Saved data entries
----------------------------------------

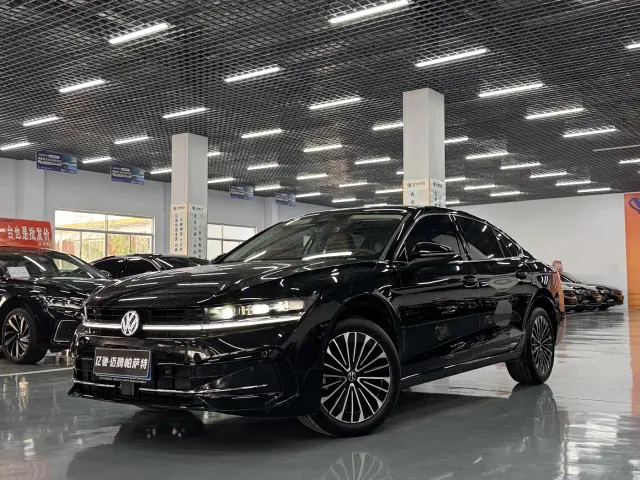 Фотография автомобиля — Volkswagen Magotan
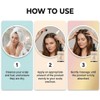 Aceite for el cuidado del cabello con cuentagotas preciso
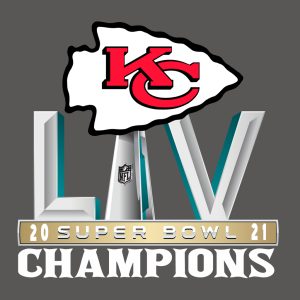 2021 Kc Super Bowl Champions Svg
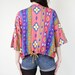 Vintage Colorful Navajo Print Jacket M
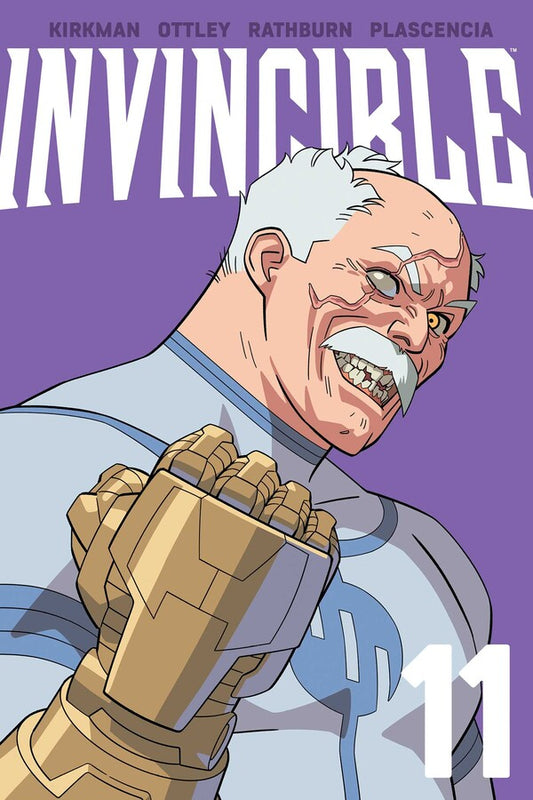 2025 - Invincible #11 Var. TP - Happy Days - M - ENG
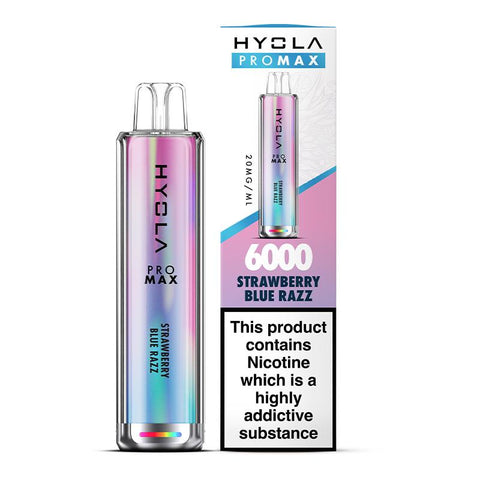 Shop Hyola Pro Max 6000 Disposable Vape Box of 10 - Hyola Pro Max 6000 Disposable Vape Box of 10 - Mcr Vape Distro - Vape Blaze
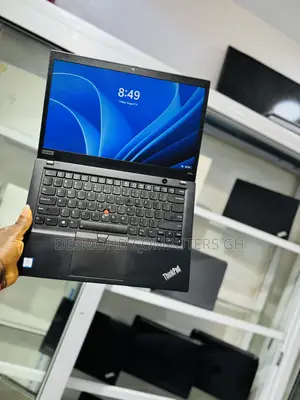 Laptop Lenovo ThinkPad T490s 16GB Intel Core i5 SSD 256GB
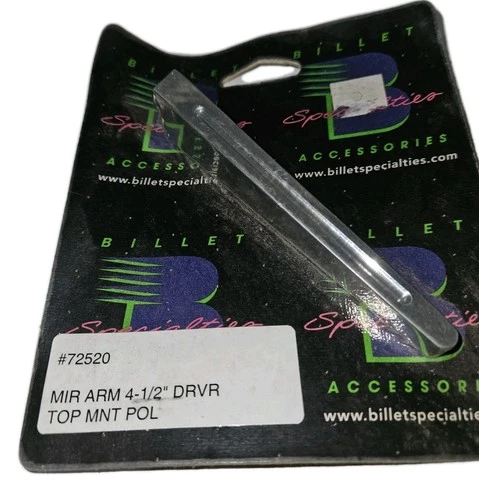 Billet Specialities Mirror Arm Part 4-1/2" Driver #72520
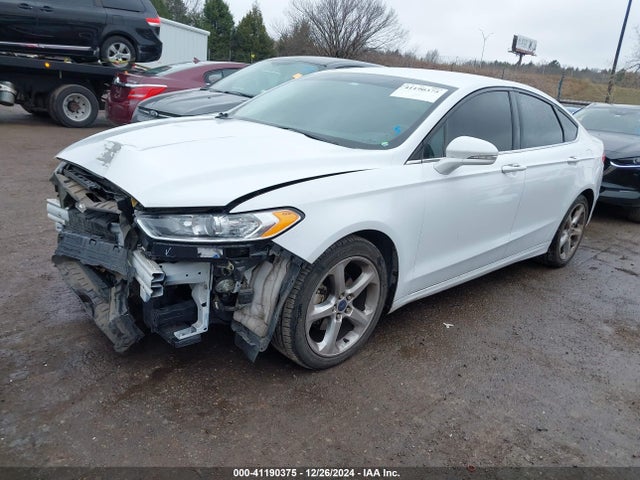 Ford FUSION SE 2016 3FA6P0H7XGR224321 Image 2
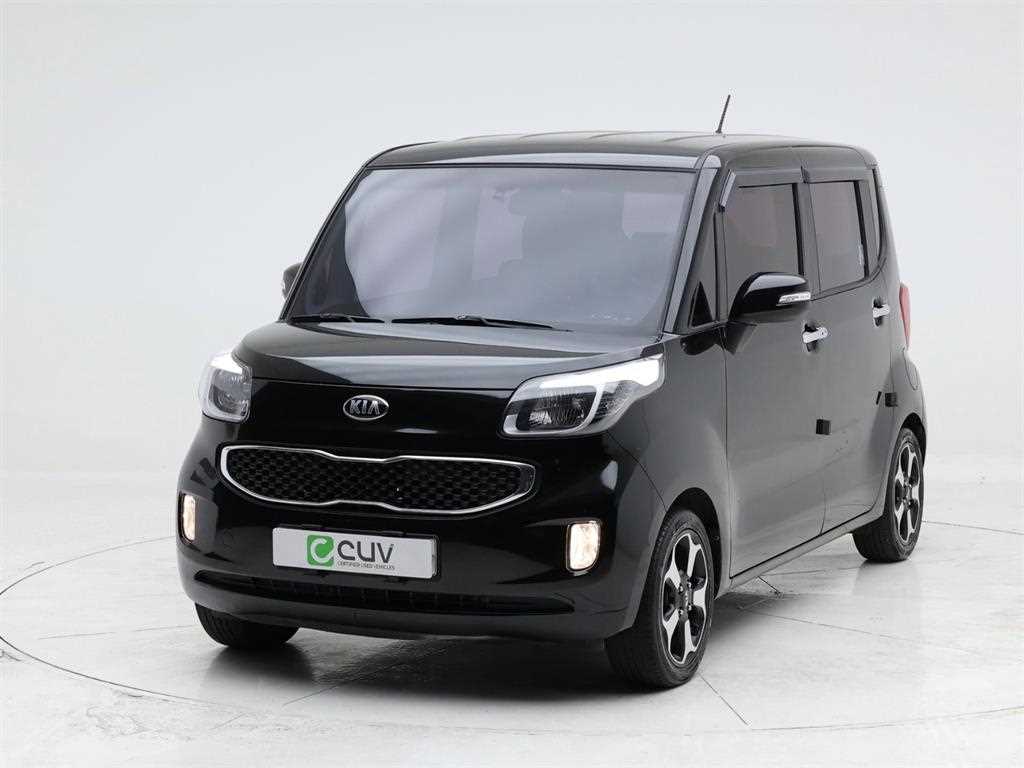KIA Ray 2017 Negro - Importación desde Corea - HF Imports Iquique - Foto 1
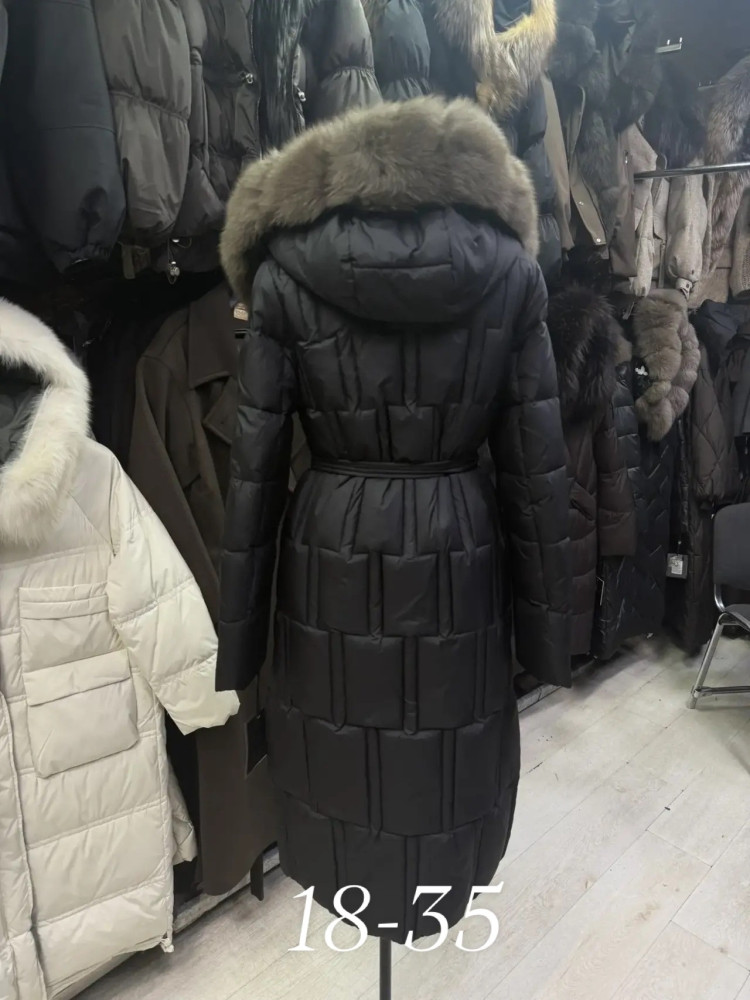 Куртка женская черная купить в Интернет-магазине Садовод База - цена 15999 руб Садовод интернет-каталог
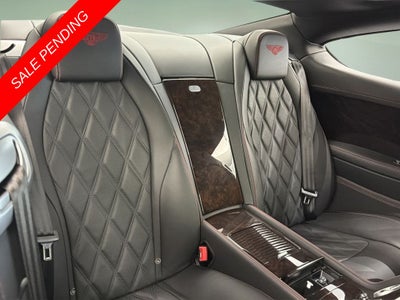 2014 Bentley Continental GT Speed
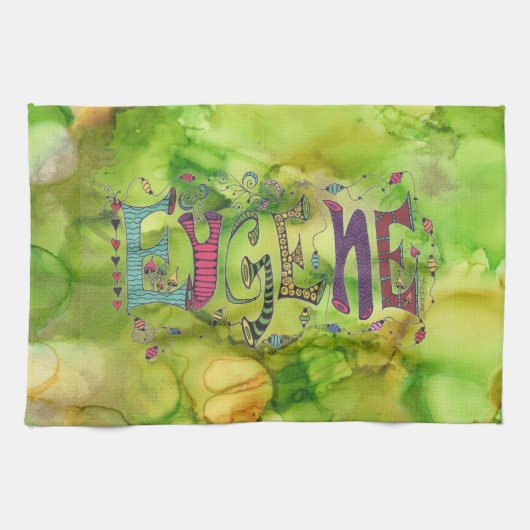 Eugene Kitchen Towel Theedoek (Horizontaal)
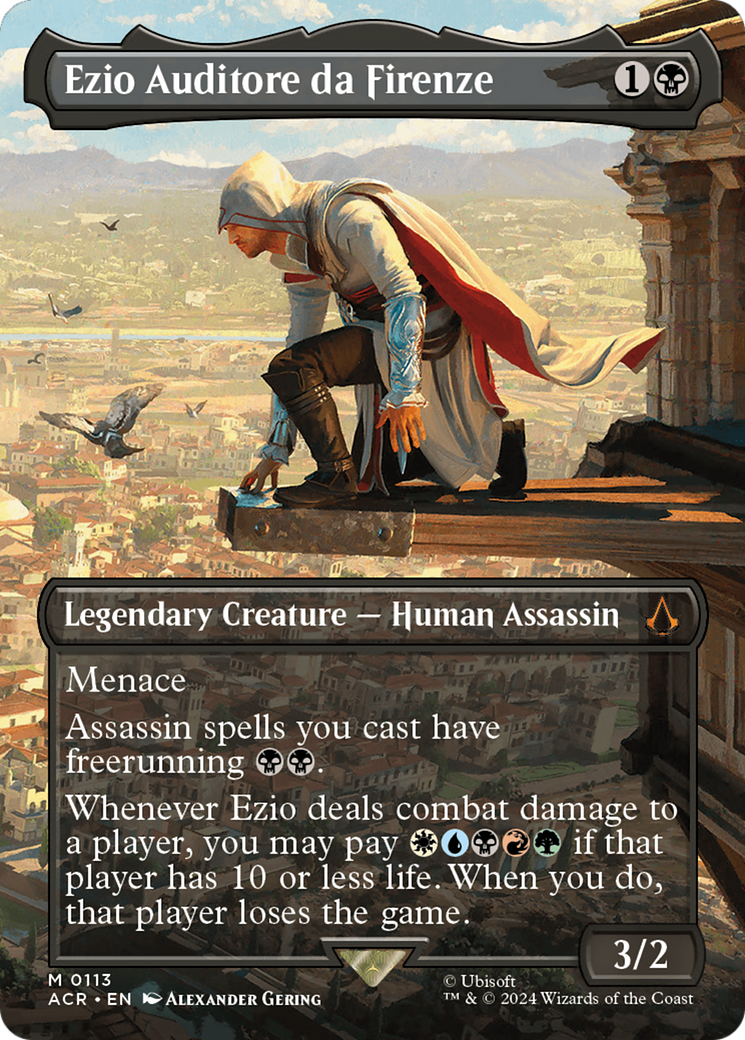 Ezio Auditore da Firenze Card Image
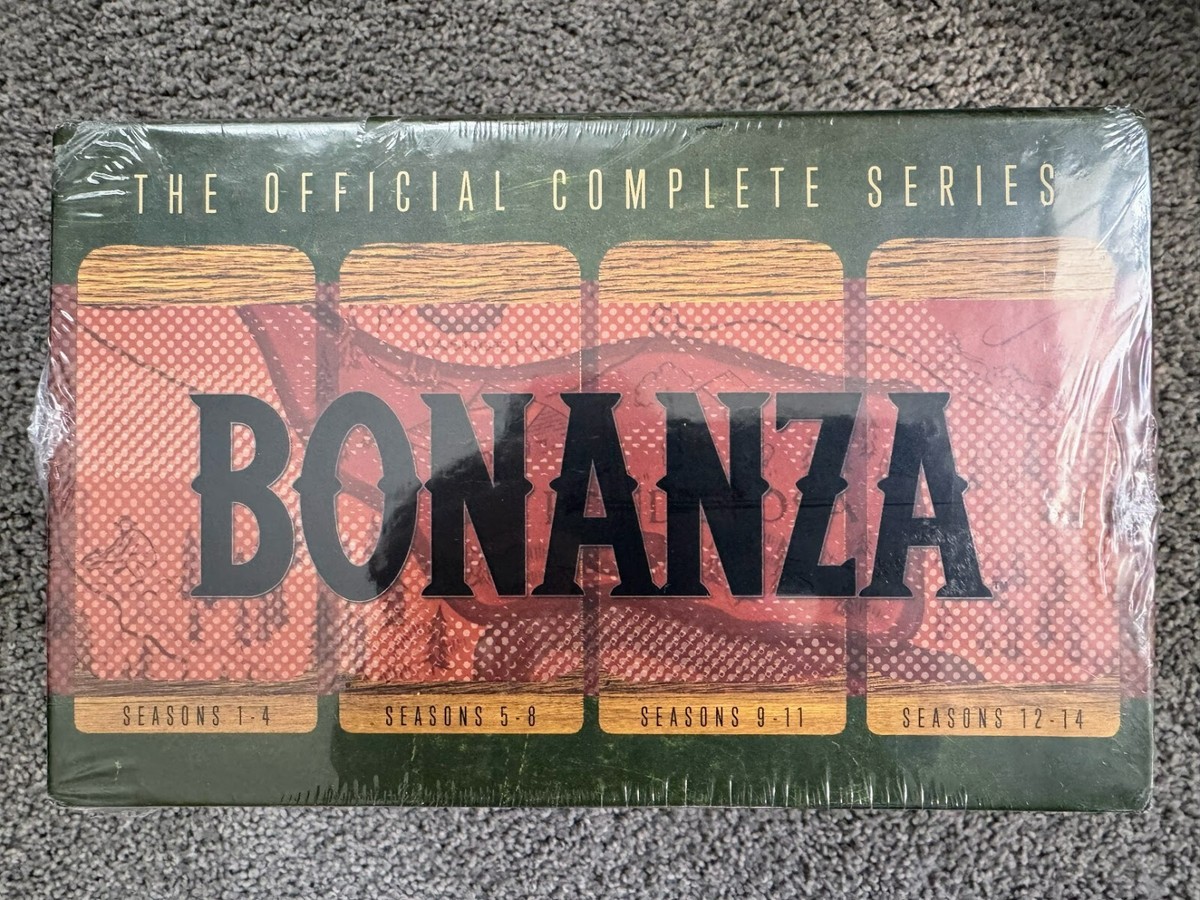 Bonanza: The Official Complete Series [DVD] 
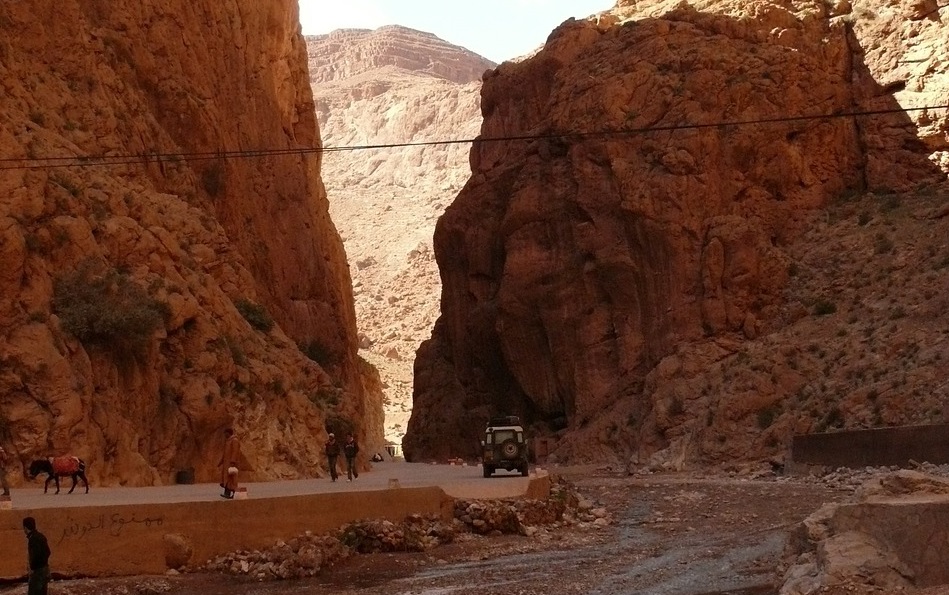 5 Days Route from Tangier to Marrakech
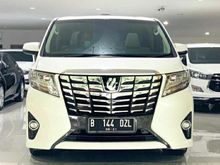 2015 Toyota Alphard 2.5 G Van Wagon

----------------------------------------

▶ WHAT THE EXERCISE ASKS:
When you copy the data, keep every line exact and leave out each picture.

▶ TASK SOLUTION:
 Фотография автомобиля — Volkswagen Magotan
 Aceite for el cuidado del cabello con cuentagotas preciso
 2021 Kc Super Bowl Champions Svg
 Vintage Colorful Navajo Print Jacket M
 2025 - Invincible #11 Var. TP - Happy Days - M - ENG
 Shop Hyola Pro Max 6000 Disposable Vape Box of 10 - Hyola Pro Max 6000 Disposable Vape Box of 10 - Mcr Vape Distro - Vape Blaze
 Laptop Lenovo ThinkPad T490s 16GB Intel Core i5 SSD 256GB
 Billet Specialities Mirror Arm Part 4-1/2" Driver #72520
 Ford FUSION SE 2016 3FA6P0H7XGR224321 Image 2
KIA Ray 2017 Negro - Importación desde Corea - HF Imports Iquique - Foto 1
 Куртка женская черная купить в Интернет-магазине Садовод База - цена 15999 руб Садовод интернет-каталог
 2014 Bentley Continental GT Speed
 Eugene Kitchen Towel Theedoek (Horizontaal)
 Ezio Auditore da Firenze Card Image
 Bonanza: The Official Complete Series [DVD] 
 5 Days Route from Tangier to Marrakech
 2015 Toyota Alphard 2.5 G Van Wagon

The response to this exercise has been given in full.